**Directions for this task:**
In the records below, find the line that holds "Claw Messy Bun". Restate it and every later line exactly, stopping at the end and skipping pictures.

**Provided records:**
^^^^

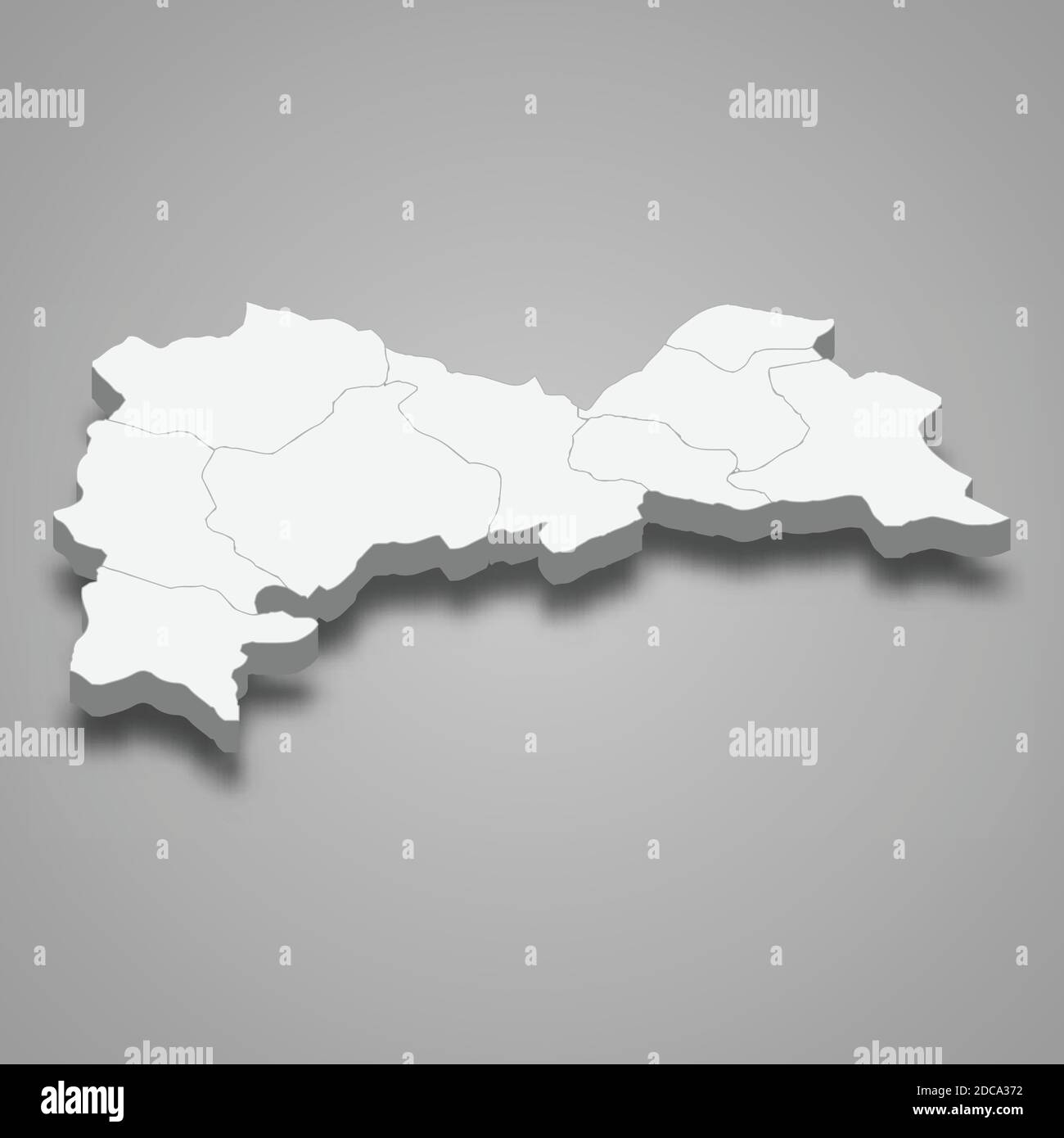 3d isometric map of Erzincan is a province of Turkey, vector illustration Stock Vector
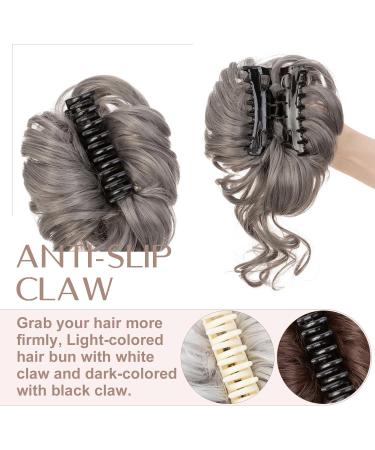 Claw Messy Bun Hairpieces Wavy Curly 75G Thick Hair Chignon Tousled Updo Doughnut Hair Bun Synthetic Ponytail Dark Grey - Buy Online on GoSupps.com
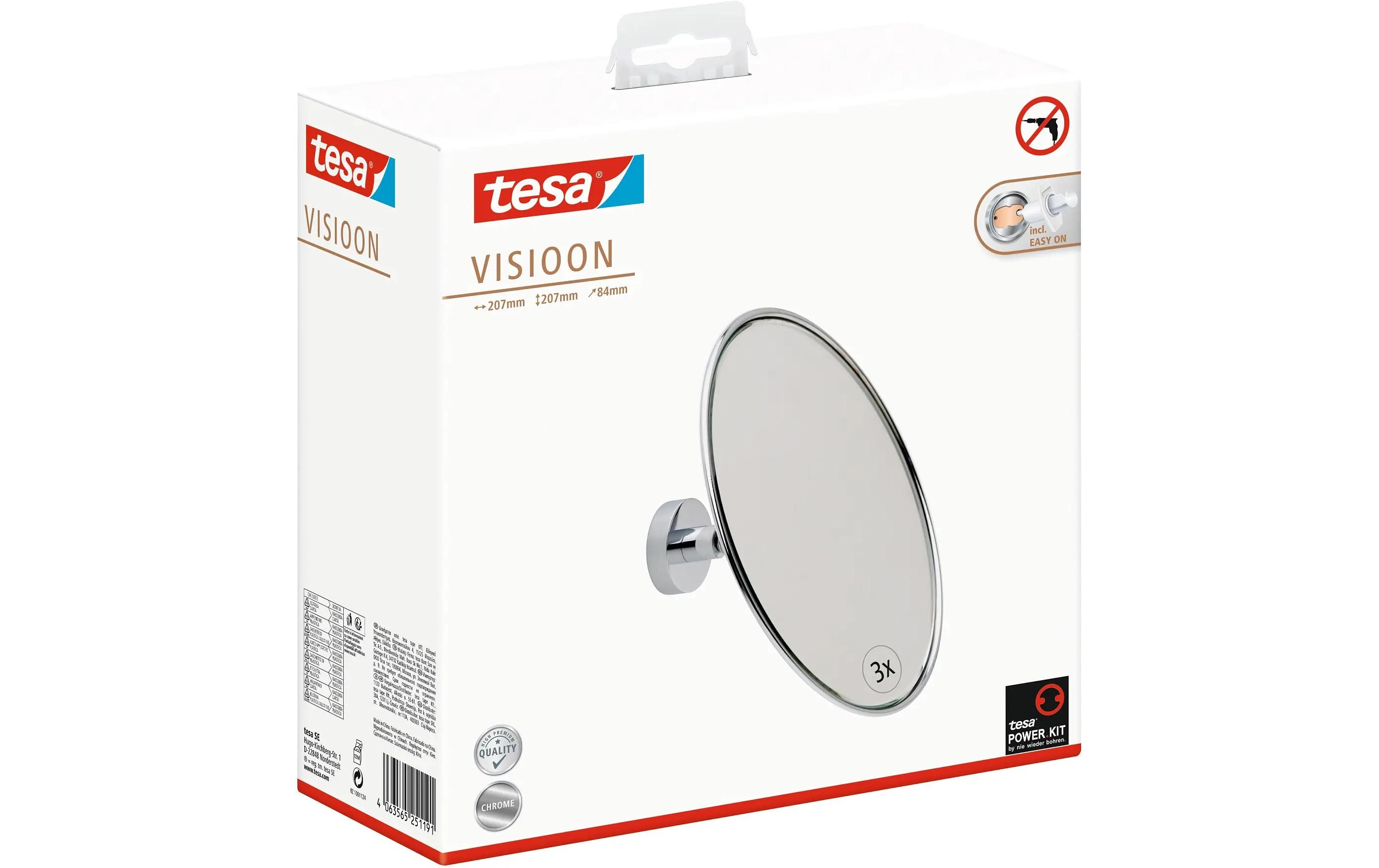 tesa Visioon Kosmetikspiegel Rund 3× Vergrößerung Wandmontage Silber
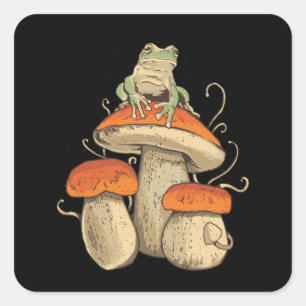 Frog on Mushroom Fyrkantigt Klistermärke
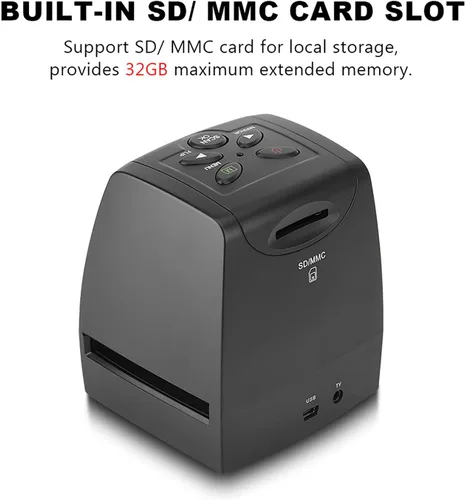 Vista 5 de Visor de diapositivas de escáner de películas, convierte 135 películas/diapositivas/negativos a fotos JPG digitales, compatible con tarjeta MMC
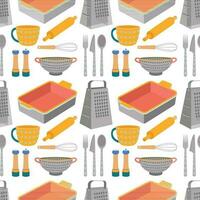 mönster av kök redskap, panorera, sked, gaffel, kniv, mugg, vispa, bakning maträtt, durkslag, rivjärn. vektor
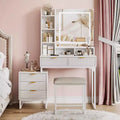 Makeup Vanity Desk with Mirror and Lights, Vanity Table Set with 3 Adjustable Lighting Colors, Dressing Table With 5 Large Drawers, White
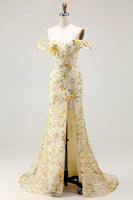 Load image into Gallery viewer, Floral Yellow Off the Shoulder Mermaid Long Prom Dress with Embroidery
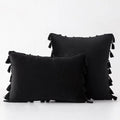 Black Tassel Pillowcases by Ljojo - Velvet Holiday Home Decoration Gift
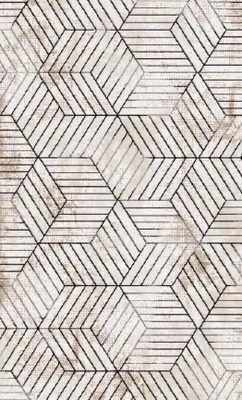 Produktbild von Moderner Teppich Kurzflor Braun Weiß Geometrisch Muster Wohnzimmer Flur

^^^^

**Task result:**
 Claw Messy Bun Hairpieces Wavy Curly 75G Thick Hair Chignon Tousled Updo Doughnut Hair Bun Synthetic Ponytail Dark Grey - Buy Online on GoSupps.com
 tesa Visioon Kosmetikspiegel Rund 3× Vergrößerung Wandmontage Silber
 Frog on Mushroom Fyrkantigt Klistermärke
 Vista 5 de Visor de diapositivas de escáner de películas, convierte 135 películas/diapositivas/negativos a fotos JPG digitales, compatible con tarjeta MMC
 mönster av kök redskap, panorera, sked, gaffel, kniv, mugg, vispa, bakning maträtt, durkslag, rivjärn. vektor
 Makeup Vanity Desk with Mirror and Lights, Vanity Table Set with 3 Adjustable Lighting Colors, Dressing Table With 5 Large Drawers, White
 Load image into Gallery viewer, Floral Yellow Off the Shoulder Mermaid Long Prom Dress with Embroidery
 Black Tassel Pillowcases by Ljojo - Velvet Holiday Home Decoration Gift
 Produktbild von Moderner Teppich Kurzflor Braun Weiß Geometrisch Muster Wohnzimmer Flur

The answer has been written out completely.